Post hoc 2-tailed t tests were computed to examine group differences for each WM load condition within individual clusters (Table 4). For encoding, all clusters showed significantly greater activation for WM loads 2 and 3 for controls. For retrieval, greater activation for controls was found in all clusters. Differences in activation were most pronounced for WM load 1 and declined toward the highest WM load conditions.

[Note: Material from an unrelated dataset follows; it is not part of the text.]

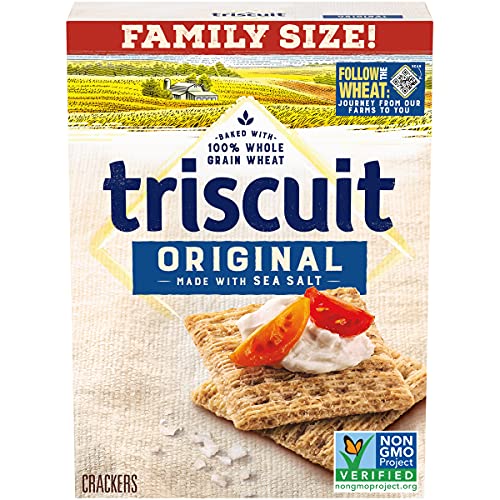 Triscuit Original Whole Grain Wheat Crackers, 12.5 Oz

We examined the neural substrates of visual WM encoding and retrieval in patients with early-onset schizophrenia and compared the results with those obtained from healthy controls. Accuracy was significantly lower and decreased more steeply with WM load in patients than in controls. Reaction times increased with WM load but were not slowed in our sample of adolescent patients in contrast to findings in older chronically ill patients.

Compared with controls, the patients showed reduced amplitudes in P1 and P370 components during encoding. During retrieval, P1 showed a strong trend toward a reduction in patients with a large effect size for WM load 1. The P370 was again reduced in patients. No correlation was found between individual chlorpromazine equivalents and any of the dependent measures, in line with evidence that both P1 and P3 deficits occur irrespective of medication status.42,47 Several of the investigated ERP components were sensitive to WM load. During encoding, P1 and P3a amplitude increased and P570 decreased with increasing WM load in controls. We found correlations of P370 amplitudes with performance in controls for the higher WM load conditions during encoding and retrieval. A similar effect was found for the P1 and P570 only for encoding. Thus, both early activity of sensory areas, reflected by the P1, and later cognitive processes, as indexed by the subcomponents of the P300, seem to be crucial for effective memory performance in healthy controls. However, linear regression analysis revealed that a stronger P1 amplitude augmentation with increasing WM load predicted better performance. This finding suggests that P1 is of particular relevance for successful WM encoding.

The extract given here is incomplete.